Introduction¶

The clock speed and processing power of a single computing core are not increasing anymore in the rate they used do in the past. Instead, increasing computing power is obtained by having more computing units running in parallel. This change in the computing environment requires algorithms to be modified to work in such a setting if one wants to use all the resources provided.

The classic figure below (source: H. Sutter, DDJ) shows how the clock speeds of CPUs stopped growing exponentially while the numbers of transistors in them kept increasing.

A more recent figure below (source: Max Rosser, OurWorldInData.org) shows that Moore’s law, telling that the number of transistor in a chip increases exponentially, has been holding at least until 2018:

_images/Transistor-Count-over-time-to-2018.png

As mentioned above, the increasing number of transistors has been used to having more computing units in a chip. This means that the programmers must change their algorithms and software so that they can use the parallel resources provided; see, for instance, this video by Intel explaining why “software free lunch” is over, meaning that the software developers cannot simply wait for faster chips but have to consider how to parallelize their code.

Multicore processors¶

In this round, we will focus on multithreaded algorithms run in multicore machines. In such machines, like standard desktop PCs and modern laptops, the processor contains multiple computing units, called CPU “cores”, running in parallel. The cores can communicate through shared memory. As an example, the figure below shows that architecture of a 12-core Intel processor (source: Intel 64 and IA-32 Architectures Optimization Reference Manual).

In this setting, code is run in parallel in different threads that have shared memory. Even in this setting, there are different levels of abstraction such as:

Programming with threads directly (using locks, semaphores etc to synchronize).
Using a concurrency platform. For instance, in the fork-join framework threads in a thread pool execute tasks in parallel.
Using a parallel collections library such as Scala parallel collections.
Using futures and promises.

In this course, we focus on the fork-join framework and see how they can be used to define methods in a parallel collections library. In fact, the Java fork-join framework, that we will use, is also used to implement the scala.collection.parallel library (documentation). In addition, we see how some algorithms, such as mergesort and other sorting algorithms, can be parallelized in the fork-join framework.

Other parallel hardware systems¶

Multicore processors are only one kind of computing environment exhibiting parallelism.

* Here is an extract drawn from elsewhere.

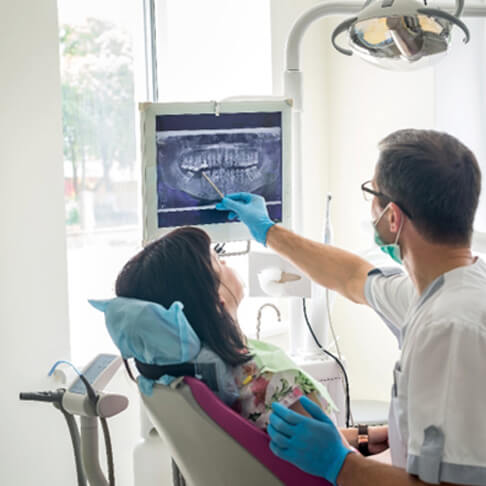 dentist in blue gloves showing xray results to patient with dark hair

The general-purpose graphics processing units, GPUs, have even a larger amount of cores in a chip. As an example, the figure below shows the architecture of the Kepler GK110/GK210 GPU having 192 cores and some other special units (source: NVIDIA Kepler TM GK110/210 whitepaper). Programming such GPUs is somewhat different to that of multicore processors: they typically use the single instruction, multiple threads (SIMT) paradigm, where a set of threads is executed in a synchronized manner. For low-level programming, one can use the CUDA or OpenCL programming platforms. Of course, one can also use thrust or some other libraries provided by NVIDIA and others.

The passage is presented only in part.